Malawian local politician (born 1994)

Esther Amina Sagawa became the mayor of Lilongwe in 2024. She was a councillor for the Malawi Congress Party.

==Life==
Sagawa's route into politics began when she became the executive director of the youth group Dream, Driven, Determined, Dedicated and Disciplined (5D) in Lilongwe. During her tenure the group supported a drive called Give a Child a Book. They raised the money with other groups and conducted car washes.

In 2019, she became one of Lilongwe's councillors. She was elected for the Area 18 ward. She was supported by the Malawi Congress Party. During her term she worked with the local members of parliament and she was elected to be the Deputy Mayor.

She was promoted from deputy to be the Mayor of Lilongwe in 2024. She replaced Richard Banda. She was the second woman to be the city's mayor as Juliana Kaduya had been the mayor from 2019 until 2021. In 2024, Esther Sagawa was elected as the city's second female mayor. Later that year she became the first woman to be the President of the Malawi Local Government Association when she was elected in November.

During the Malawi Congress Party's 2025 primary elections there was a complaint that some parts of the organisation were favouring older male candidates. Despite this, in April it was reported that victorious candidates included Sagawa as well as Juliana Kaduya, Nancy Tembo, Rubyna De Silva who were also in Lilongwe constituencies, Jessie Kabwila and Sakina Chingomanje in Salima and Dorothy Chikonje in Nkhotakota Dwangwa.
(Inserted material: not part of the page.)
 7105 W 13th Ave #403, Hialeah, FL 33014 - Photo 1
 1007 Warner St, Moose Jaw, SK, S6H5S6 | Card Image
In 2025 the Commonwealth Local Government Forum celebrated its 30th anniversary by profiling thirty of its members. Sagawa was chosen together with Ontiretse Tryphinah Bogatsu from Botswana, Louise Gittins from the UK and 27 other local councillors.

The Anti-Corruption Bureau's acting director Hillary Chinombo shut down a case against her in August 2025. The controversial decision was made a month before national elections. The media reported that she had demanded that her staff put allotments of land in Lilongwe into her name.